(Data records)
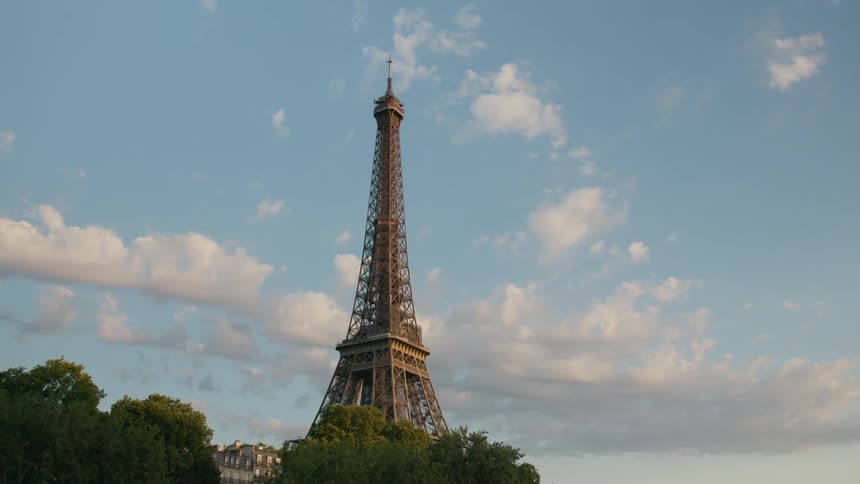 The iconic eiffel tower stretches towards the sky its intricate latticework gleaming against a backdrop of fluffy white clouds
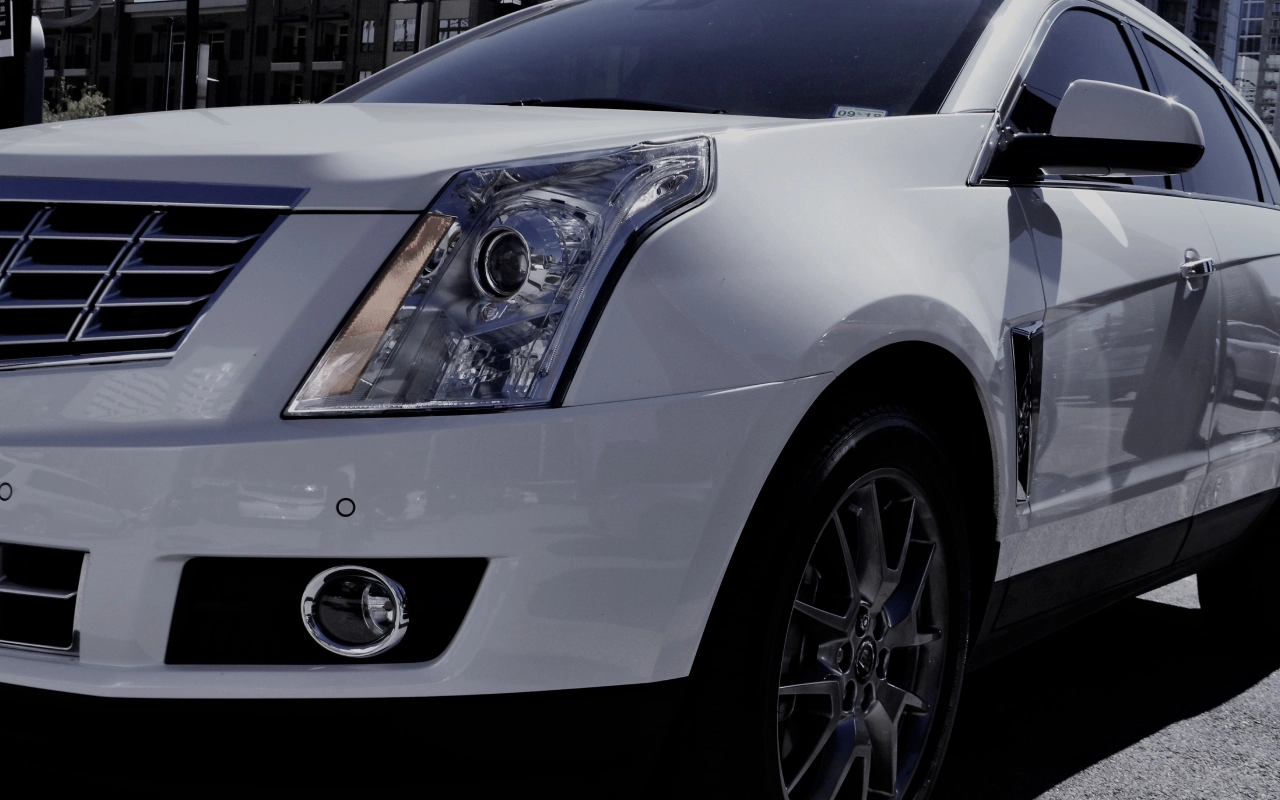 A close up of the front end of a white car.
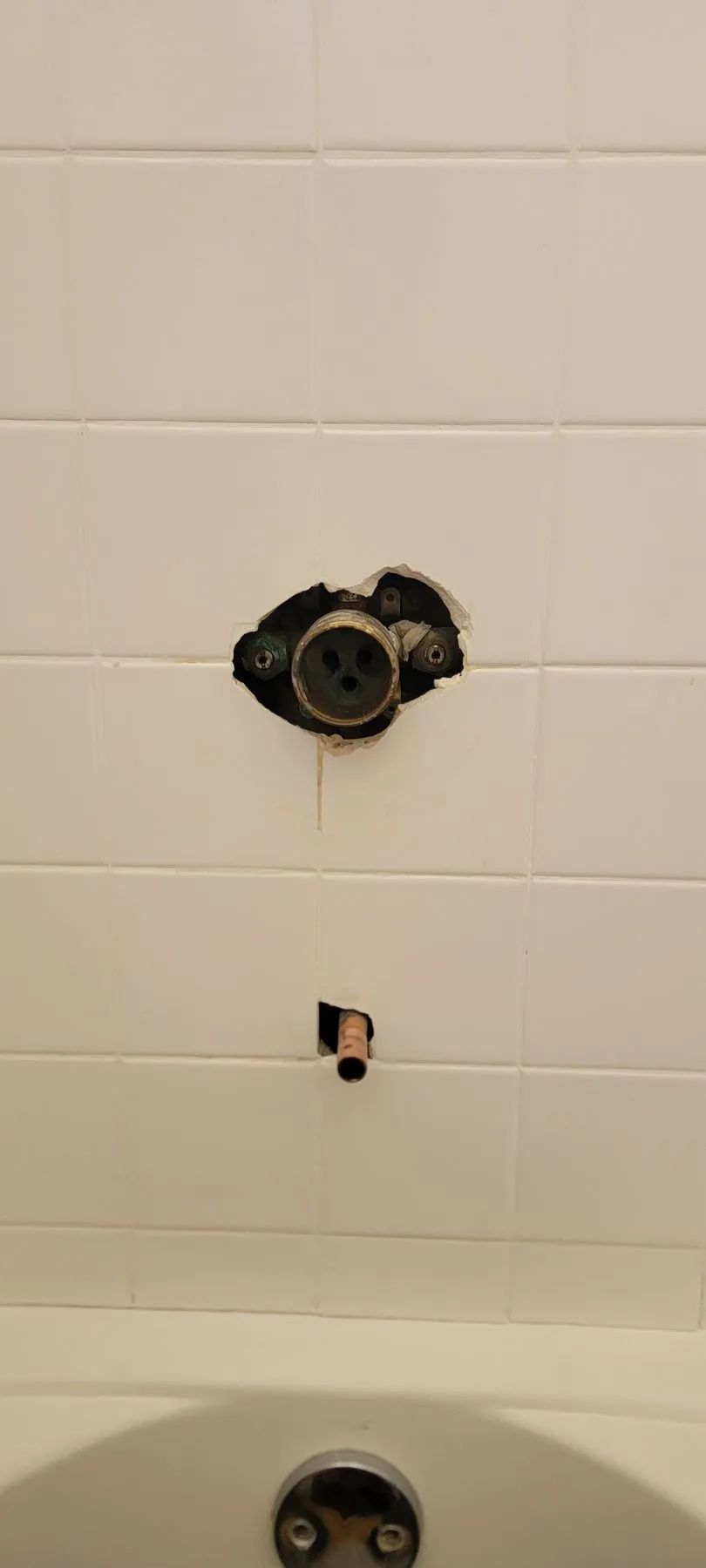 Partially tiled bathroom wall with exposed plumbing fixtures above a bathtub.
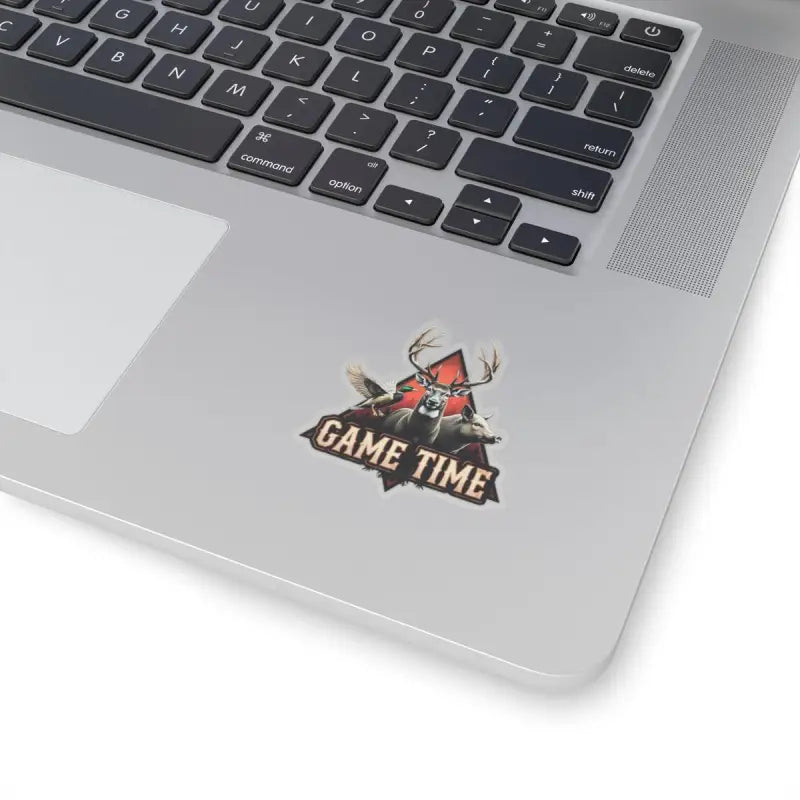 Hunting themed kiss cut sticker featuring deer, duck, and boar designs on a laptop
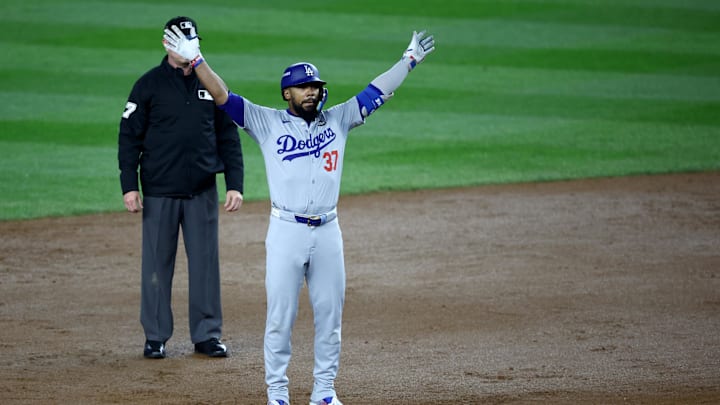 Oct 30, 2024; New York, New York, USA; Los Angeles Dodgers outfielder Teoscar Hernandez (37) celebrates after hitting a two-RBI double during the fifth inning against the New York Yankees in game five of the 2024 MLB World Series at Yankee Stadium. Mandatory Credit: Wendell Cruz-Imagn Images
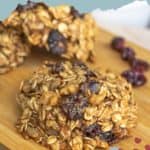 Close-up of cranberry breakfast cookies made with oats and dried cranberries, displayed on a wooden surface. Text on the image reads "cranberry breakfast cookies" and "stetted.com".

## What needs to be done
Could you write the entries out again exactly, without their pictures?

## Output of the task
 The iconic eiffel tower stretches towards the sky its intricate latticework gleaming against a backdrop of fluffy white clouds
 A close up of the front end of a white car.
 Partially tiled bathroom wall with exposed plumbing fixtures above a bathtub.
 Hunting themed kiss cut sticker featuring deer, duck, and boar designs on a laptop
 Oct 30, 2024; New York, New York, USA; Los Angeles Dodgers outfielder Teoscar Hernandez (37) celebrates after hitting a two-RBI double during the fifth inning against the New York Yankees in game five of the 2024 MLB World Series at Yankee Stadium. Mandatory Credit: Wendell Cruz-Imagn Images
 Close-up of cranberry breakfast cookies made with oats and dried cranberries, displayed on a wooden surface. Text on the image reads "cranberry breakfast cookies" and "stetted.com".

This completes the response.